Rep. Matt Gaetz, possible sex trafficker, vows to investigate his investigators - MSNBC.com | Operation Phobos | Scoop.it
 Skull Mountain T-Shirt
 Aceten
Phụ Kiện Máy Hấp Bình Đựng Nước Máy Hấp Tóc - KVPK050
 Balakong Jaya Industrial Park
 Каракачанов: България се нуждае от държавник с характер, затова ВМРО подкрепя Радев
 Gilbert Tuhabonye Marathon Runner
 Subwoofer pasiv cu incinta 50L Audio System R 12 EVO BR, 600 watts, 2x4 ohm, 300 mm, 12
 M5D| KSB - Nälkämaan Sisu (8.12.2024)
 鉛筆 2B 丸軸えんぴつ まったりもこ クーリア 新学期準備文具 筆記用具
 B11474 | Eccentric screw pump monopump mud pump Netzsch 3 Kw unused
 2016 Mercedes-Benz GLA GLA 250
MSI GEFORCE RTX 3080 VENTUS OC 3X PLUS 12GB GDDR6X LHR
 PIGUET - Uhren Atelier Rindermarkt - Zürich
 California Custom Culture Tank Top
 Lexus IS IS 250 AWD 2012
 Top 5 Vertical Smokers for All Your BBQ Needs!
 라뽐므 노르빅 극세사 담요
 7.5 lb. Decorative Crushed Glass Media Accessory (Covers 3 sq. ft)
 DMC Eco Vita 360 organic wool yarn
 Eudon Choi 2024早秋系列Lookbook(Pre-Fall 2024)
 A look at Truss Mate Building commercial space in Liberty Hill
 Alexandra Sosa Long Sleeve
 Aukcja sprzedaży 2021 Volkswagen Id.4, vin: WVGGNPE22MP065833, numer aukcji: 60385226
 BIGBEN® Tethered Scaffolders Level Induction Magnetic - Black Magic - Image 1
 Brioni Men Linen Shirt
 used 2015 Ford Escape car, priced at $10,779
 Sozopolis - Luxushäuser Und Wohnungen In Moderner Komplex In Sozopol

=== Exercise brief ===
Return exactly the lines from the beginning of the data above through the one containing "Subwoofer pasiv cu", please. Include both end lines and add nothing else.

=== Solution to this problem ===
Rep. Matt Gaetz, possible sex trafficker, vows to investigate his investigators - MSNBC.com | Operation Phobos | Scoop.it
 Skull Mountain T-Shirt
 Aceten
Phụ Kiện Máy Hấp Bình Đựng Nước Máy Hấp Tóc - KVPK050
 Balakong Jaya Industrial Park
 Каракачанов: България се нуждае от държавник с характер, затова ВМРО подкрепя Радев
 Gilbert Tuhabonye Marathon Runner
 Subwoofer pasiv cu incinta 50L Audio System R 12 EVO BR, 600 watts, 2x4 ohm, 300 mm, 12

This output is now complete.